Prague, 19 June 2002 (RFE/RL) -- Western press commentary today covers a variety of issues ranging from women's rights and religious freedom to European-U.S. relations and Austria's far-right politician Joerg Haider.


"The New York Times" editorializes on Turkey's liberalizing of its laws on women, part of its effort to be admitted to the European Union. "As a result of a change in the law this spring, school officials in Turkey are no longer authorized to test girls for virginity. In recent years, Turkey has also overturned the legal supremacy of men in marriage and allowed women threatened with violence to get orders of protection. These vital moves represent welcome progress, but the very need for them illustrates how far Turkey still has to go to protect the rights of women and girls."


Britain's "The Guardian" says in an editorial that the authorities there should bar a visit from Joerg Haider, whom the newspaper refers to as "the notorious far-right Austrian politician," from making a planned visit to the United Kingdom. "Mr. Haider apparently hopes to promote business and tourism in concert with Ryanair, the low-cost airline that is starting a regular service between Stansted and his provincial seat of Klagenfurt."

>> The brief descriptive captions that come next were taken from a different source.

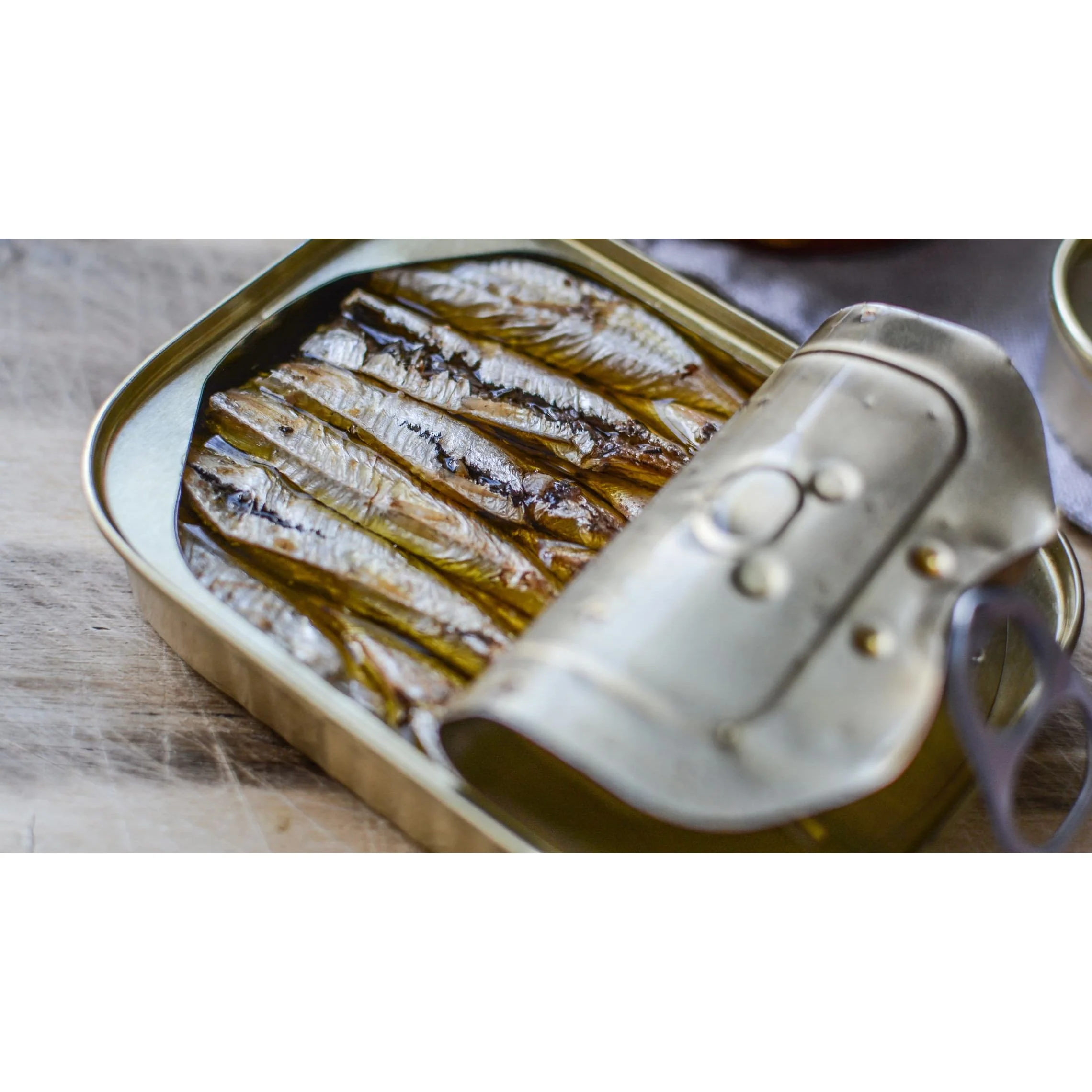 RugenFisch Smoked Kieler Sprats - Image 3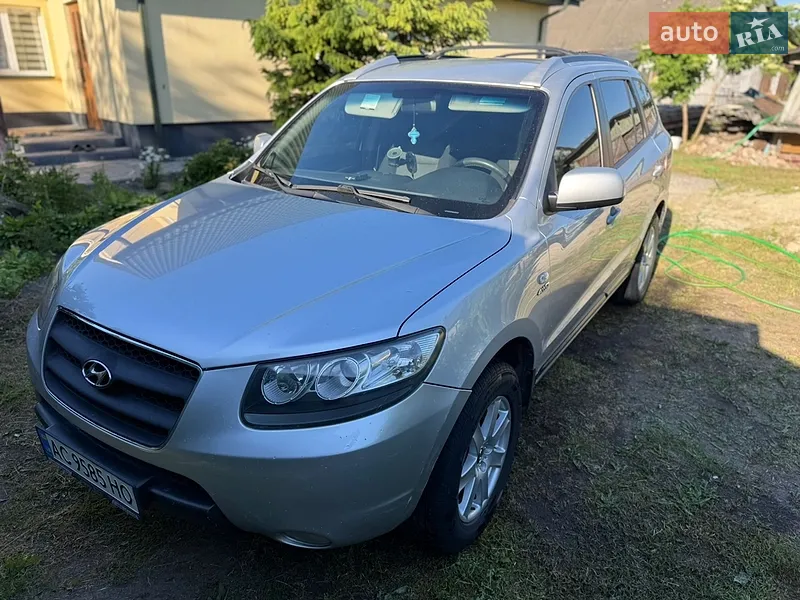 Hyundai Santa FE 2007 VIN KMHSH81WP7U219960 фото оголошення 39 з 95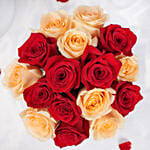 Roses Symphany For Valentines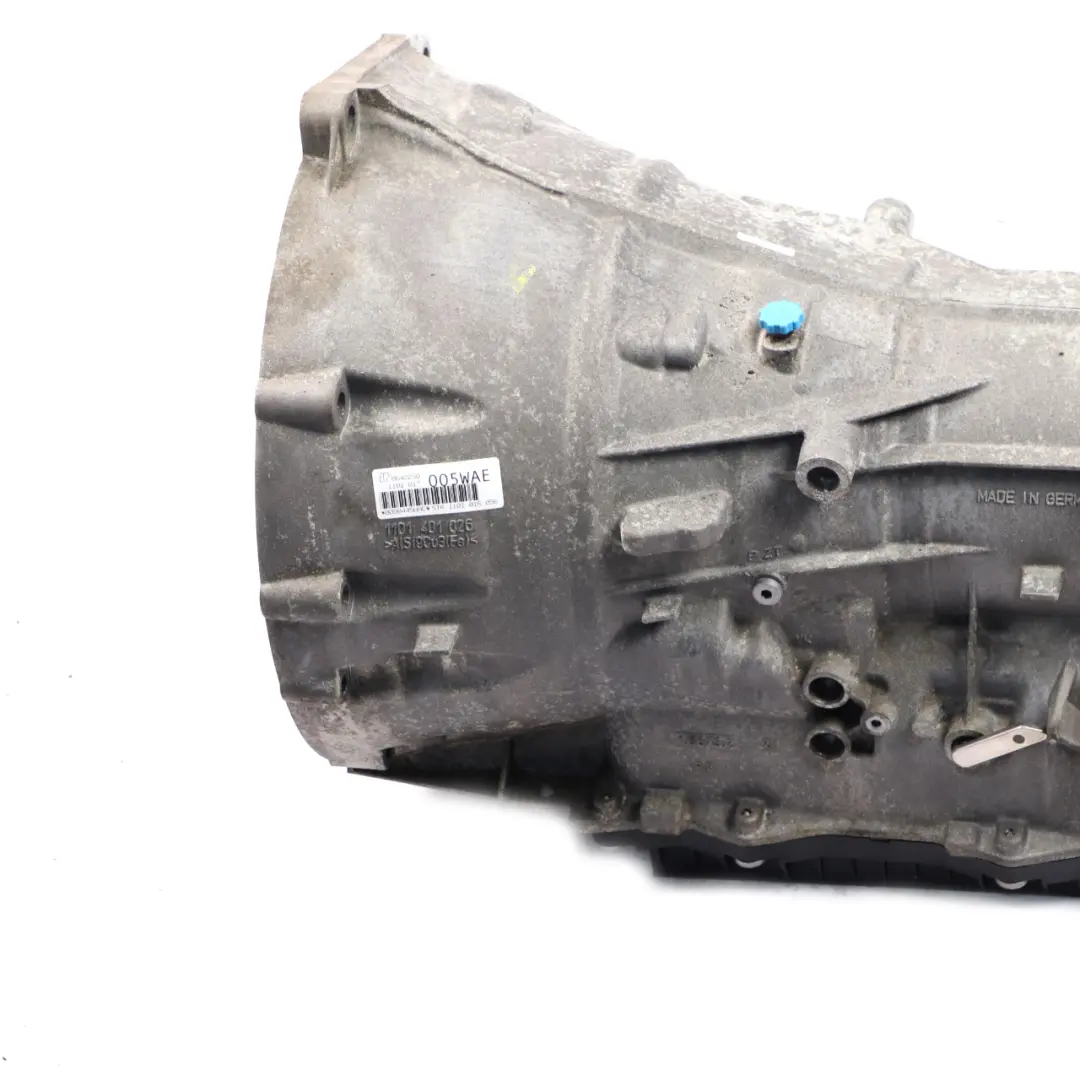 Automatic Gearbox BMW F10 F11 LCI 518d 520d B47 GA8HP50Z WARRANTY - SKU 8642230 - Part number 8642230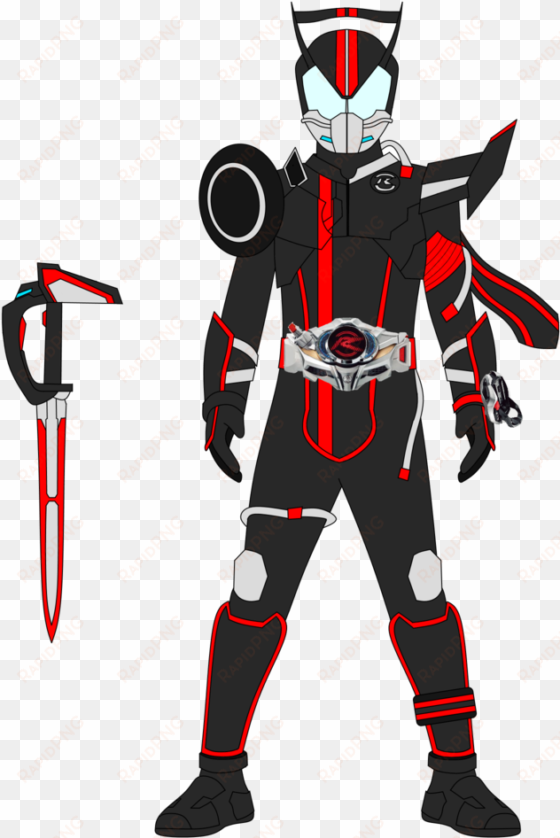 kamen rider drive type burnout by joinedzero-dac9bok - kamen rider drive fan made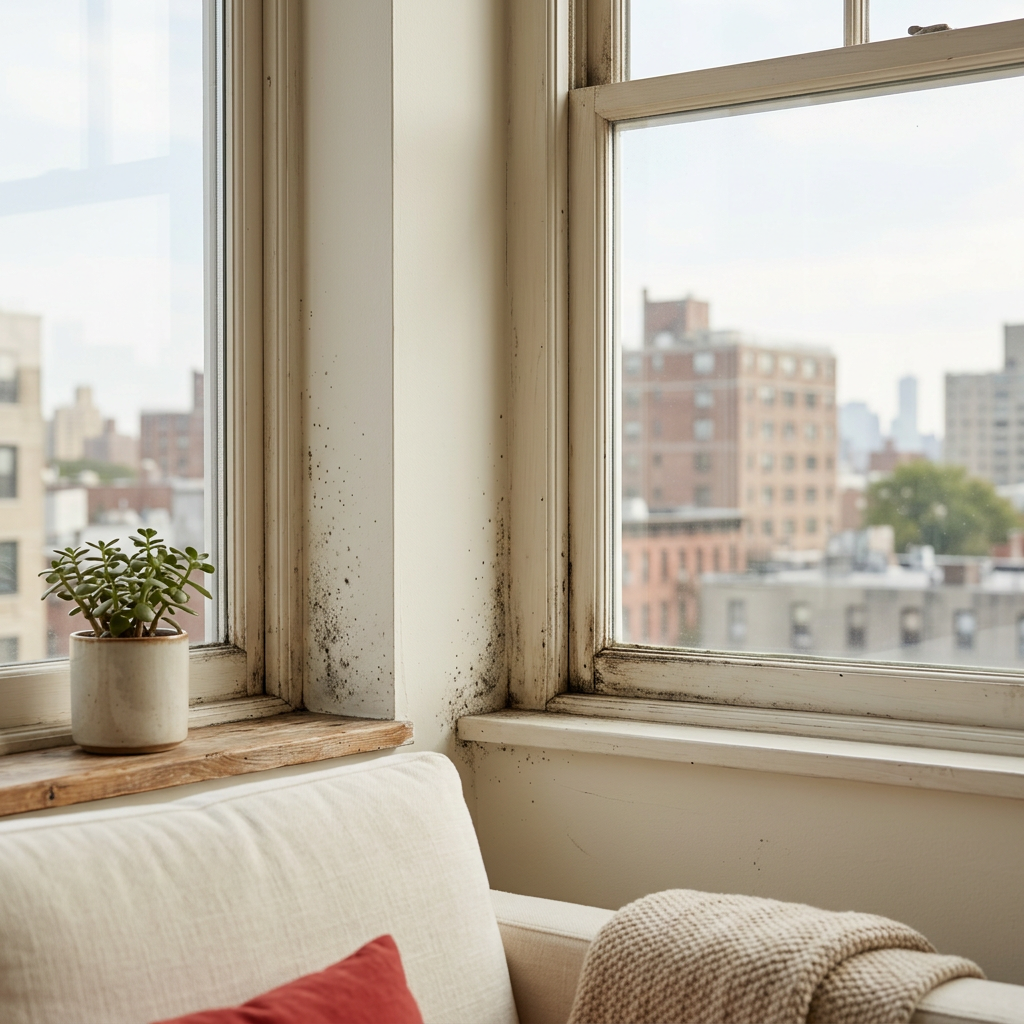 Humedad por condensación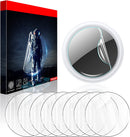 Compatible Airtag, Fotbor Soft TPU Screen Protector Airtag Case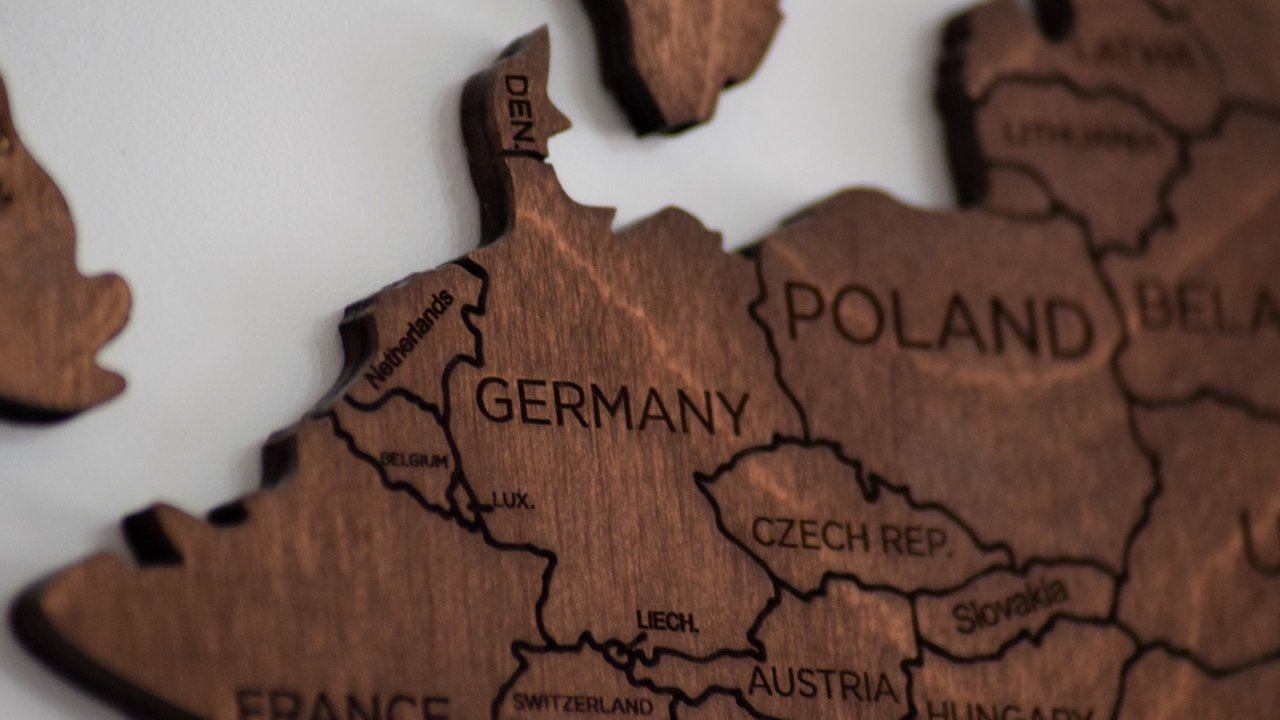 Ilustrasi Eropa (Photo by Anthony Beck from Pexels)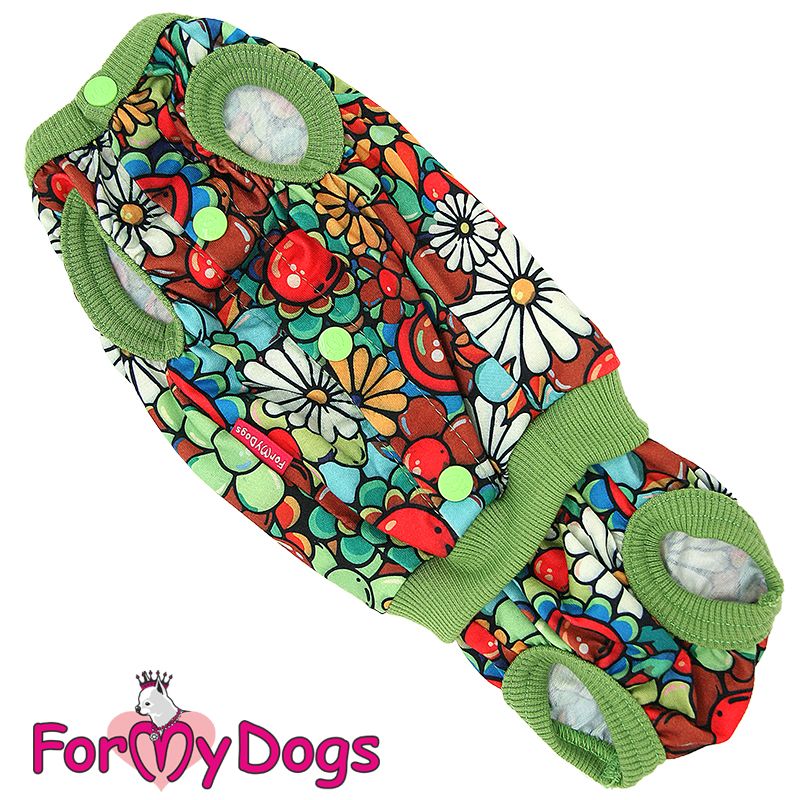 Body "Multi Mönstrad"  "For My Dogs"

The editorial adds: "Preparations for [Haider's] press conference, entitled 'Peace and prosperity,' include the slogan: 'Carinthia: where economic growth and prosperity go hand in hand' -- conjuring an image of lederhosen-clad, long-socked entrepreneurs skipping, Julie Andrews-style, through flowery alpine meadows. But in his capacity as a Hitler apologist, Waffen SS admirer, and insidious anti-Semite, Mr. Haider will not be surprised by the Anti-Nazi League demonstration to be held outside his conference venue."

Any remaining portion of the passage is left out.